[Records from a data collection]
════
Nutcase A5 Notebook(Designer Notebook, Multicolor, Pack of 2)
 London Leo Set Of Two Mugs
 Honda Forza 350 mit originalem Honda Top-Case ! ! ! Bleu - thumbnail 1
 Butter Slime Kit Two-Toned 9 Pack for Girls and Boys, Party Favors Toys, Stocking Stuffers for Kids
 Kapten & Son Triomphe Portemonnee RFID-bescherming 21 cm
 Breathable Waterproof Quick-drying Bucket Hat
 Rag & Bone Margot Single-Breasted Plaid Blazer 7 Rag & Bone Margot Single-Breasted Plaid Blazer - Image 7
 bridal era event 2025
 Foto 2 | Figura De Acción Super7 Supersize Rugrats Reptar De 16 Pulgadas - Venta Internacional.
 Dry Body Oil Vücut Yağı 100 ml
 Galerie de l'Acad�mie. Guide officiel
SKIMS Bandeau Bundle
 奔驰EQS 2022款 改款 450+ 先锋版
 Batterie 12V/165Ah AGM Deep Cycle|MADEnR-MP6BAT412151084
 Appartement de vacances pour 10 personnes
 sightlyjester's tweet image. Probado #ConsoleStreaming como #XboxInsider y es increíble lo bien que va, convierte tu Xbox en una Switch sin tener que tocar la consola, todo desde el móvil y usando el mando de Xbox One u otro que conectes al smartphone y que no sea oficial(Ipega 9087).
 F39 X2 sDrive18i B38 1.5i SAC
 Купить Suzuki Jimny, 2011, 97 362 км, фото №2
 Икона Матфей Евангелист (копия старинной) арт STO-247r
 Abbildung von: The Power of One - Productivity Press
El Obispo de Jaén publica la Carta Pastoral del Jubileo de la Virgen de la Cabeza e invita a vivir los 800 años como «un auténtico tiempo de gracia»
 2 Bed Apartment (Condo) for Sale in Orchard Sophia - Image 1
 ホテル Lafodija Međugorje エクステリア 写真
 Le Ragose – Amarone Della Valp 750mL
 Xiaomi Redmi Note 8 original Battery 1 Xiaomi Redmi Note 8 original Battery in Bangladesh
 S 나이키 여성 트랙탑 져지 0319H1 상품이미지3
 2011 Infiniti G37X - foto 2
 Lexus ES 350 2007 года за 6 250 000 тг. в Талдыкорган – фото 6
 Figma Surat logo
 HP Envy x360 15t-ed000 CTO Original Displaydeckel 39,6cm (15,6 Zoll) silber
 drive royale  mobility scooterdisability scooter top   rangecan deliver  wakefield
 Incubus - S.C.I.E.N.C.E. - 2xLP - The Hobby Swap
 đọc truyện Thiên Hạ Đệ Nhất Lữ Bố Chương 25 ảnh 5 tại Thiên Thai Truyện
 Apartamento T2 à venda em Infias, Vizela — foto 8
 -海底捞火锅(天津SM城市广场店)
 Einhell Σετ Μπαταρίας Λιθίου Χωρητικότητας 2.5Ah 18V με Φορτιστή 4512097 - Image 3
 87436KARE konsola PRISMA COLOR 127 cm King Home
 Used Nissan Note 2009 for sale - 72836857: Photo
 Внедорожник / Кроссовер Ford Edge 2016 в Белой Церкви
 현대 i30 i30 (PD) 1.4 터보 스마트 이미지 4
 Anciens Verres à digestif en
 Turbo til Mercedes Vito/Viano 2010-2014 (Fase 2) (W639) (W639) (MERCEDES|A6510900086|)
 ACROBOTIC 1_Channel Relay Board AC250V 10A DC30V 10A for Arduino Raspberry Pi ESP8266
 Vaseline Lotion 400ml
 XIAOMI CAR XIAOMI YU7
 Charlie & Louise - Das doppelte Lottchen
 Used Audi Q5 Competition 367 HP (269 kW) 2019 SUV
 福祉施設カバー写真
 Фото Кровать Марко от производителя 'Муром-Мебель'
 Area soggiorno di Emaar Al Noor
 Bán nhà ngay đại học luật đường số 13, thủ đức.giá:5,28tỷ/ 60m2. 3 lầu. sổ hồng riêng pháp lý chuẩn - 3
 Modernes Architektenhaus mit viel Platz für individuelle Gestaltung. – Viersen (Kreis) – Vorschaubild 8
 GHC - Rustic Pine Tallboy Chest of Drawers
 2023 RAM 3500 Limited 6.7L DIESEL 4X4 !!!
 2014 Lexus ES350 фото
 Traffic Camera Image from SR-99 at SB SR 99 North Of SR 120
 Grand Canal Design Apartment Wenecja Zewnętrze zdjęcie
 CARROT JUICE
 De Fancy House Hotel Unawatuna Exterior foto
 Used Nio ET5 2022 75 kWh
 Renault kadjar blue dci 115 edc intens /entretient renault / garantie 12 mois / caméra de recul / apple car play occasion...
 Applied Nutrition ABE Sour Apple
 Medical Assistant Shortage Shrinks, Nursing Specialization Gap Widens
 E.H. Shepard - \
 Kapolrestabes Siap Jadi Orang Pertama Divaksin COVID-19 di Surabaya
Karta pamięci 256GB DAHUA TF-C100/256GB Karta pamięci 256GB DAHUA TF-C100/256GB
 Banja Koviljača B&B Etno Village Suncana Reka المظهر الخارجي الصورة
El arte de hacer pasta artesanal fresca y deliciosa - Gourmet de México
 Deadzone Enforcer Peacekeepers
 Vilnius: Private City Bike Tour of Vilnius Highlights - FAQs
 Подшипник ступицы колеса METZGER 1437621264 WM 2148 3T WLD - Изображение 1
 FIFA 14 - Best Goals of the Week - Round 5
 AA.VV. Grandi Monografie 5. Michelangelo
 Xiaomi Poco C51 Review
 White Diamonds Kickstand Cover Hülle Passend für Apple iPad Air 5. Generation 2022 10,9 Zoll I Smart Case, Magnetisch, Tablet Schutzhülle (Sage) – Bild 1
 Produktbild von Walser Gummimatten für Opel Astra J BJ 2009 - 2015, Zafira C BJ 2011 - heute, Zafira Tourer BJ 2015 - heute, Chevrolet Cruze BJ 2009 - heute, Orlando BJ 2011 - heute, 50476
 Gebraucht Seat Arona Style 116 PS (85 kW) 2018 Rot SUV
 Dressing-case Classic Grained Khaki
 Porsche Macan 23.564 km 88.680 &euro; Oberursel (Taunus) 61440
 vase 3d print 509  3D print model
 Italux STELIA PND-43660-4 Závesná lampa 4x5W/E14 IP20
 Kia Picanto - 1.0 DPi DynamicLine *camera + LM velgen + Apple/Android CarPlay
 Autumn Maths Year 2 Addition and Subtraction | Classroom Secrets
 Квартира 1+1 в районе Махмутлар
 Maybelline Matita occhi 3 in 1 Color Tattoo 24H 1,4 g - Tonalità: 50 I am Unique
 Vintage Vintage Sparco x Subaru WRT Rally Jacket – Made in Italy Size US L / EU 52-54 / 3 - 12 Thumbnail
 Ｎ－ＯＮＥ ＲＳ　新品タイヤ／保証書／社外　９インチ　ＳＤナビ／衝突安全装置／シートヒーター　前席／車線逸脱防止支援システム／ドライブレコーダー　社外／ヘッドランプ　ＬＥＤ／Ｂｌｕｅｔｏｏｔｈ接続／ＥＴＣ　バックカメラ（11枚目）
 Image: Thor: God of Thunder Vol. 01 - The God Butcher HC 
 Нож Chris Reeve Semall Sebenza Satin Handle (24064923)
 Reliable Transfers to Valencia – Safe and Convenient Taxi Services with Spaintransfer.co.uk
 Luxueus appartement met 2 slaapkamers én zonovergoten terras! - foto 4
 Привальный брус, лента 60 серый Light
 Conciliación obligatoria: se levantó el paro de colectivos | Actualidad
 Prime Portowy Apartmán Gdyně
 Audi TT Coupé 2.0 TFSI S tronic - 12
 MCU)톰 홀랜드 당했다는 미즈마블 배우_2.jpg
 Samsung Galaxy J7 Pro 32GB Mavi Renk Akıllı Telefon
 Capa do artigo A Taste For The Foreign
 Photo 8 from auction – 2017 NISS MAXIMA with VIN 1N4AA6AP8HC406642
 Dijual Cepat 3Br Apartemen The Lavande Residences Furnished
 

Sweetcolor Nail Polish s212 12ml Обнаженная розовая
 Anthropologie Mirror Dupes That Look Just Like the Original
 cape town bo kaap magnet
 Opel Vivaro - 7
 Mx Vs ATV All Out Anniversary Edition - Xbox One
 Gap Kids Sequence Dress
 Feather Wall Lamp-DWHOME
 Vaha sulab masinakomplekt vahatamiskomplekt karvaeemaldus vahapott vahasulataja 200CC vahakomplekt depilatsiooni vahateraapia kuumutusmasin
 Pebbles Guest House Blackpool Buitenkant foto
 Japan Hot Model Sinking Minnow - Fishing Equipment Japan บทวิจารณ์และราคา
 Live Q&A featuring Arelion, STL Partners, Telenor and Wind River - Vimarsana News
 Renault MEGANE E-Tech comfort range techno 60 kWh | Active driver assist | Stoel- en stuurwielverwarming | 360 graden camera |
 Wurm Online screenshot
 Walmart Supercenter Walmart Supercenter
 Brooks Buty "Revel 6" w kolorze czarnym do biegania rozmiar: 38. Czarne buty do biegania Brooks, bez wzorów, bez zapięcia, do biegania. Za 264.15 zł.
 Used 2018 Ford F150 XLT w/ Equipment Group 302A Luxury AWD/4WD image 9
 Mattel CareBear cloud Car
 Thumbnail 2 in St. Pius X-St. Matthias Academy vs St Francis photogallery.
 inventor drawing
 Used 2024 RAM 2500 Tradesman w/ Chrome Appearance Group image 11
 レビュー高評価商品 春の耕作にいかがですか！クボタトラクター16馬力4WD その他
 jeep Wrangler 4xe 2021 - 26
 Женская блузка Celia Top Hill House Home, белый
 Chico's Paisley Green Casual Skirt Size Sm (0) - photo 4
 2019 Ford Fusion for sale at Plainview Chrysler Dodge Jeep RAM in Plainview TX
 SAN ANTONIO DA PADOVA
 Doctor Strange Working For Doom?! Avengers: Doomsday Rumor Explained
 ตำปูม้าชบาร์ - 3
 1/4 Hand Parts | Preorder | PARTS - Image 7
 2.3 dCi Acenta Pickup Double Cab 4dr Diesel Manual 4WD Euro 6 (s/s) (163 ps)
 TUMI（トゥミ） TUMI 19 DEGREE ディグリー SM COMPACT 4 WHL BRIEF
════
* **Aim of the exercise**: Check every line above for the string "House", and copy the ones that have it.

* **Answer space**:
 De Fancy House Hotel Unawatuna Exterior foto
 Pebbles Guest House Blackpool Buitenkant foto
 Женская блузка Celia Top Hill House Home, белый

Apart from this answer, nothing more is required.